The new finding is from the Strategic Timing of Antiretroviral Treatment (START) study, the first large-scale randomised clinical trial to establish that earlier antiretroviral treatment benefits all people with HIV.

The National Institute of Allergy and Infectious Diseases (NIAID), part of the National Institutes of Health (NIH), provided primary funding for the START trial.

Though the study was expected to conclude at the end of 2016, an interim review of the study data by an independent data and safety monitoring board (DSMB) recommended that results be released early.

“We now have clear-cut proof that it is of significantly greater health benefit to an HIV-infected person to start antiretroviral therapy sooner rather than later,” said Anthony S. Fauci, MD, NIAID, Bethesda, Maryland. “Moreover, early therapy conveys a double benefit, not only improving the health of individuals but at the same time, by lowering their viral load, reducing the risk they will transmit HIV to others. These findings have global implications for the treatment of HIV.”

“This is an important milestone in HIV research,” said Jens Lundgren, MD, University of Copenhagen, Copenhagen, Denmark. “We now have strong evidence that early treatment is beneficial to the HIV-positive person. These results support treating everyone irrespective of CD4+ T-cell count.”

The START study, which opened widely in March 2011, was conducted by the International Network for Strategic Initiatives in Global HIV Trials (INSIGHT) at 215 sites in 35 countries. The trial enrolled 4,685 HIV-infected men and women aged 18 years and older, with a median age of 36. Participants had never taken antiretroviral therapy, and were enrolled with CD4+ cell counts in the normal range (>500 cells/mm3).
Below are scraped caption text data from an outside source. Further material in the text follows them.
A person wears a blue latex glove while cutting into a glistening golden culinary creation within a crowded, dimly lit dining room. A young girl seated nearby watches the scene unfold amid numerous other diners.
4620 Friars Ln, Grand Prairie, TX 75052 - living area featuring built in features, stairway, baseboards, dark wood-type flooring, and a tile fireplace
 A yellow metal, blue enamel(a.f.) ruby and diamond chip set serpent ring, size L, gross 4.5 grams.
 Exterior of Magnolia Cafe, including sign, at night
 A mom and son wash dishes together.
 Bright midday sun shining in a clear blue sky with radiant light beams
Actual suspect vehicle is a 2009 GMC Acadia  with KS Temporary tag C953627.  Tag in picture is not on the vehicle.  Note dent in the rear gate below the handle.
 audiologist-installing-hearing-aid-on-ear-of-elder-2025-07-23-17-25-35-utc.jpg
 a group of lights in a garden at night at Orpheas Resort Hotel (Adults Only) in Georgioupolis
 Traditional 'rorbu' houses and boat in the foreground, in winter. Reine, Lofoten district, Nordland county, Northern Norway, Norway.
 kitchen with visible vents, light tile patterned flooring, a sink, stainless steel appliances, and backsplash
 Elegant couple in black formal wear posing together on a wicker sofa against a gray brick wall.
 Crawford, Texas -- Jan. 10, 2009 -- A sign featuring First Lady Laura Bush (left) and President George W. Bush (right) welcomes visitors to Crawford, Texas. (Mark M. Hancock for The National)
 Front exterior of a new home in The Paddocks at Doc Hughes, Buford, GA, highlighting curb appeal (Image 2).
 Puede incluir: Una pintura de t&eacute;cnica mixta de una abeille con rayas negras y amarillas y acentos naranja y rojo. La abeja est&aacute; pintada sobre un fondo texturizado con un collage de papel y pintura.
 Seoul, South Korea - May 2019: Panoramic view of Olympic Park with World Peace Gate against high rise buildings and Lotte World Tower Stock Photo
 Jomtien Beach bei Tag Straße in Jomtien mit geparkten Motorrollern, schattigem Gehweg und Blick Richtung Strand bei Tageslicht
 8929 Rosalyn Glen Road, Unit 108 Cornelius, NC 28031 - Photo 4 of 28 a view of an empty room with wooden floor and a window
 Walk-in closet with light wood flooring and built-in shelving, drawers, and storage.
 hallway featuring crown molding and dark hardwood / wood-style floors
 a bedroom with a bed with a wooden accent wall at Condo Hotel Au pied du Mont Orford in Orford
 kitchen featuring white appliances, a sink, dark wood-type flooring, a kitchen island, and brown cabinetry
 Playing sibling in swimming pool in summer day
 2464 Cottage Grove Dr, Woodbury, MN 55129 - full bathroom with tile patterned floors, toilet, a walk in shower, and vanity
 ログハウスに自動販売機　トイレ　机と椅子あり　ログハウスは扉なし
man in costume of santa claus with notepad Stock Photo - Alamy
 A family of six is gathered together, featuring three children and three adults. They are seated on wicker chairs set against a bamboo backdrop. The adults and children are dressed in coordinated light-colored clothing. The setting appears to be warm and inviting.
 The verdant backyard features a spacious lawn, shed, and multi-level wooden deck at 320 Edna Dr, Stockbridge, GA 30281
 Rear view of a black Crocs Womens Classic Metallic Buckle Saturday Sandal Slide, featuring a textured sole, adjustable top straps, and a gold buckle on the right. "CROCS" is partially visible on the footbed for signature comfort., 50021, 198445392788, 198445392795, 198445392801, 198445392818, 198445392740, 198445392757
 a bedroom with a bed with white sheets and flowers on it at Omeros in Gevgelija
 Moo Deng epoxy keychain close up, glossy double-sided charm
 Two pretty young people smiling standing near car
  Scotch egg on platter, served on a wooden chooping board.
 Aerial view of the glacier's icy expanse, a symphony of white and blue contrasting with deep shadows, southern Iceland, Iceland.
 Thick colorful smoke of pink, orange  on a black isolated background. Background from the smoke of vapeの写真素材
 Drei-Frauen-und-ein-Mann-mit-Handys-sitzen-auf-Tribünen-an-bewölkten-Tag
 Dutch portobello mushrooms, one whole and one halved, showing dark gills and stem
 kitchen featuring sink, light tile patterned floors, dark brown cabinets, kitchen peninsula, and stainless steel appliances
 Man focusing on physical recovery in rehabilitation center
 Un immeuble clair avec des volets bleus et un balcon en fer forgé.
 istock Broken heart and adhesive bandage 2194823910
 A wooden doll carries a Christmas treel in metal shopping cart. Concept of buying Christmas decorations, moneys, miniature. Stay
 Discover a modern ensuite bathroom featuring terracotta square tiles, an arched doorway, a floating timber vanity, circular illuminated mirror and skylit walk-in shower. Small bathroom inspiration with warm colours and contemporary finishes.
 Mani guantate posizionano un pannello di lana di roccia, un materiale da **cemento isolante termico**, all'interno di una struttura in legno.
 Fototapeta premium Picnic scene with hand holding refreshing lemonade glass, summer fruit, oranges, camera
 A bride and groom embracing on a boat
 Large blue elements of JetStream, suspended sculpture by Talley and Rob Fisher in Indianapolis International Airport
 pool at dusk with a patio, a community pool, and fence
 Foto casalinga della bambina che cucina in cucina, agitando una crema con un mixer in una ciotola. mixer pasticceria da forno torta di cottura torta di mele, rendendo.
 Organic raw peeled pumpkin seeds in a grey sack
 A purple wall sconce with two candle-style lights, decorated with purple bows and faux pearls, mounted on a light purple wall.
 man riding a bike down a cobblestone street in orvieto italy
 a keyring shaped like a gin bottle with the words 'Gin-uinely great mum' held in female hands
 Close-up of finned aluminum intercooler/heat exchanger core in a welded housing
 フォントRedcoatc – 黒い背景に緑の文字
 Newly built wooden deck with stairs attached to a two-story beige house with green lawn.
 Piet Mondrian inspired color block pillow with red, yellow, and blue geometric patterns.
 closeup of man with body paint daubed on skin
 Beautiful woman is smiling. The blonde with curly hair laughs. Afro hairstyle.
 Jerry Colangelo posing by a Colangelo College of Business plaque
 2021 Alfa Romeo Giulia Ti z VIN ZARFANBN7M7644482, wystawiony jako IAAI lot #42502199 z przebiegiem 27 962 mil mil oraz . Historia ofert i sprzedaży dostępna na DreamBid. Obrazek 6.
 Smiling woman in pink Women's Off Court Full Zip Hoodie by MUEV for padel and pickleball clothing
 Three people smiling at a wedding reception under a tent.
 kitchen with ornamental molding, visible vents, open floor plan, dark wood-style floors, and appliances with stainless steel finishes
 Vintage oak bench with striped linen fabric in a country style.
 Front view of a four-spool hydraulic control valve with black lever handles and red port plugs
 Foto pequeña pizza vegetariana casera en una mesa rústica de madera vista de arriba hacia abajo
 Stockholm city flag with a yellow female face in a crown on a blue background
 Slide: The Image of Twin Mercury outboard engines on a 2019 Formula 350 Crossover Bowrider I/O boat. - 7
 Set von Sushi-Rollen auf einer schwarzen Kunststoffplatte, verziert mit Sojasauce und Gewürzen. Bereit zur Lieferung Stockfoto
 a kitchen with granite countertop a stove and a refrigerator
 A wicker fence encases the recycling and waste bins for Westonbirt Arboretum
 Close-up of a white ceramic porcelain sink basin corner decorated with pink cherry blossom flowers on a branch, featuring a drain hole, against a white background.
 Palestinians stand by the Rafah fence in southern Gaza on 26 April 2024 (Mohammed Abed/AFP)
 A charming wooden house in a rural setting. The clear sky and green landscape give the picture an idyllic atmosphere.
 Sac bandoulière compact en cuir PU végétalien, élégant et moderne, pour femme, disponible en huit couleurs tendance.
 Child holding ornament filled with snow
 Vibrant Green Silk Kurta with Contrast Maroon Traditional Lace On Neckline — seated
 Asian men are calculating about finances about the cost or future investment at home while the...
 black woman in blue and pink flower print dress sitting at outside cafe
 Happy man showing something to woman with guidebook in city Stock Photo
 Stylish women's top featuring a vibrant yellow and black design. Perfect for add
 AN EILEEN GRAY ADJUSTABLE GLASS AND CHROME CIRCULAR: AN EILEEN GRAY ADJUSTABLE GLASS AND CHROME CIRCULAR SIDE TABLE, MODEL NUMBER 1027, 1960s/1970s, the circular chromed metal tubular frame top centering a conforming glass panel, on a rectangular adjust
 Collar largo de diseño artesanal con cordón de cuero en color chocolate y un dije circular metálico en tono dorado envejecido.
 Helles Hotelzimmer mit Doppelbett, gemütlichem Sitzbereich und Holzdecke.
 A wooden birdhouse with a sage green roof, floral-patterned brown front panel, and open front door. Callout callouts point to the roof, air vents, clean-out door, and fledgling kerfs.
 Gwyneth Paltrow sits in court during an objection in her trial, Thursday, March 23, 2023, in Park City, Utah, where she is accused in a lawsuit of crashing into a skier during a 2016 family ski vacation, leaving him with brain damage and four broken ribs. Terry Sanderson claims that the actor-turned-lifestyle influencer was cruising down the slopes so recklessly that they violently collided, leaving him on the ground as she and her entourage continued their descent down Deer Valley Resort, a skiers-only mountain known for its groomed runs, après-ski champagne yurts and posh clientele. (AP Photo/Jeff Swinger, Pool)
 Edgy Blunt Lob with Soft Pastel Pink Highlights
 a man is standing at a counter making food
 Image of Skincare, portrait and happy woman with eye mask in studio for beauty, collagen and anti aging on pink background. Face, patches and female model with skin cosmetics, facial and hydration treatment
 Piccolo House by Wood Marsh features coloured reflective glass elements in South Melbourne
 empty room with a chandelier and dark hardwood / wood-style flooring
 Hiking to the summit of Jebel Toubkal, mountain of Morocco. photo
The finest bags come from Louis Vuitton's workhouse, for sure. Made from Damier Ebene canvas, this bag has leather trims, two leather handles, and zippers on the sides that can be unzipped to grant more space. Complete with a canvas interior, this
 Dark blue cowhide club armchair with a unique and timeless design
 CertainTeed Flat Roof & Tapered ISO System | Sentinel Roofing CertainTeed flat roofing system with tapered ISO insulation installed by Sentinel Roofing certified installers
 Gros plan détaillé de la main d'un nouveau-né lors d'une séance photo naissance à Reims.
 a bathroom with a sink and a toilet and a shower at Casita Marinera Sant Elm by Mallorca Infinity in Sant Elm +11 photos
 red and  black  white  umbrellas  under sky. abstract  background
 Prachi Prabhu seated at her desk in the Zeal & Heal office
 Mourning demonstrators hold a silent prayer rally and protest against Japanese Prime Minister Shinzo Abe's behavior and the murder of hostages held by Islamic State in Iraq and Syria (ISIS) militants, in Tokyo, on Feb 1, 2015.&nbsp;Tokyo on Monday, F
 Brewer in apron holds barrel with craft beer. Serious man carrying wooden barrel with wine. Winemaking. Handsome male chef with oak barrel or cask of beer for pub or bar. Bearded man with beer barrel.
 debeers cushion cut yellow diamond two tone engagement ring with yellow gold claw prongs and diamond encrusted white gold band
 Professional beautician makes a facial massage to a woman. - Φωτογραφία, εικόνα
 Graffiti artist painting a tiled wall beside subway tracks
Approximately half of the study participants were randomised to initiate antiretroviral treatment immediately (early treatment), and the other half were randomised to defer treatment until their CD4+ cell count declined to 350 cells/mm3. On average, participants in the study were followed for 3 years.

The study measured a combination of outcomes that included serious AIDS events (such as tuberculosis and AIDS-related cancer), serious non-AIDS events (major cardiovascular, renal and liver disease and cancer), and death.

Based on data from March 2015, the DSMB found 41 instances of AIDS, serious non-AIDS events or death among those enrolled in the study's early treatment group compared with 86 events in the deferred treatment group. The DSMB's interim analysis found risk of developing serious illness or death was reduced by 53% among those in the early treatment group, compared with those in the deferred group.

Rates of serious AIDS-related events and serious non-AIDS-related events were both lower in the early treatment group than the deferred treatment group. The risk reduction was more pronounced for the AIDS-related events. Findings were consistent across geographic regions, and the benefits of early treatment were similar for participants from low- and middle-income countries and participants from high-income countries.

“The study was rigorous and the results are clear,” said James D. Neaton, PhD, University of Minnesota, Minneapolis, Minnesota. “The definitive findings from a randomised trial like START are likely to influence how care is delivered to millions of HIV-positive individuals around the world.”

In light of the DSMB findings, study investigators are informing all participants of the interim results. Participants will be offered treatment if they are not already on antiretroviral therapy, and they will continue to be followed through 2016.